Luego de la publicación de sus dos primeras novelas George se mudó a Nueva York. Echaba de menos las noches en la vieja casa del sur así que decidió dejar de publicar y, en 1997, fundó un movimiento llamado The Moth (La Palomilla) para recrear sus atesoradas vigilias narrativas. El proyecto inició en al apartamento de George, pero pronto tomó vida propia y su rápida expansión los llevo a café-bares, librerías, bares y teatros.

Ya no son los eventos privados de antes, ahora están abiertos a toda persona que quiera narrar o escuchar historias verídicas contadas naturalmente, sin tarjetas que ayuden la memoria ni presentaciones.

La primera vez que asistí a un evento de The Moth fue en una librería del Soho que contaba con un café interno donde se configuró un tipo de escenario provisional. Los eventos ahora son identificados con diferentes nombres de acuerdo a su estructura. En los tipo Story Slam los asistentes llegan y colocan un papel con su nombre en un sombrero al entrar. Diez personas son escogidas cada noche. Al terminar cada evento los organizadores despiden a la audiencia diciendo “Ojalá tengan ustedes una semana digna de un relato”. Y eso es precisamente lo que motiva estas líneas.
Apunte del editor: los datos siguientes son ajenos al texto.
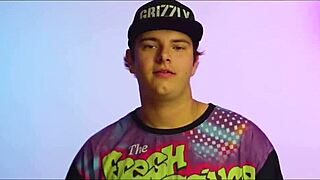 mc bn rocks the festa da firma with dj lk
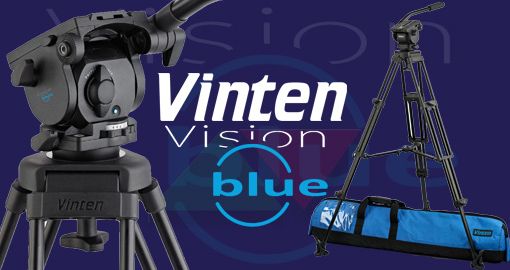 ขายขาตั้งกล้อง-vinten-vision-blue-ราคา-38-000-บาท-*ราคานี้ย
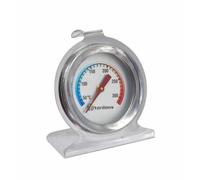 Termómetro para horno, medición precisa, diseño resistente, ideal p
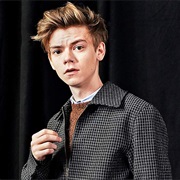 Thomas Brodie-Sangster
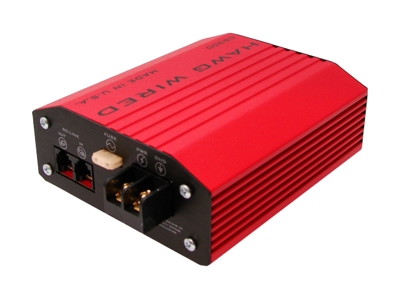 CSX Series Amplifier
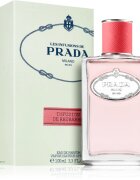Prada Les Infusions: Infusion Rhubarbe Eau de Parfum hölgyeknek 100 ml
Con las fiestas ya muy próximas y con el 2016 asomándose en la siguiente esquina, a ustedes que han tenido a bien leer este espacio, quiero desearles que el año que está por empezar esté lleno de días dignos de un relato.

Espero que recuerde lo mucho que enriquece su vida exponerse a nuevas vivencias y que favorezca las experiencias sobre adquisiciones materiales. Espero que inmortalice las siguientes 52 semanas con actividades que le den motivos para sonreír por muchos años más. Ojalá venza sus temores y se abalance con ilusión hacia la consecución de nuevos proyectos y, ojalá, que no deje ningún deseo que sea importante en su vida sin explorar.

Si logra llenar los minutos de las horas con vida y logra llenar las horas del día con pasos directos hacia ese lugar que ha escogido como meta, habrá enriquecido enormemente su vida y se habrá acercado innegablemente a su paraíso personal.

George Dawes Green tiene razón al exaltar tanto la actividad de compartir relatos, porque en esa exaltación va implícita lo meritorio que resulta exponerse a nuevas vivencias y lo valioso que es rodearse constantemente de sus personas favoritas para compartir con ellas lo que es importante para usted.

Así que, con un poco de antelación, le deseo un 2016 construido con días llenos de vida y abarrotados de vivencias que meriten relatos compartidos con su tropa de vida.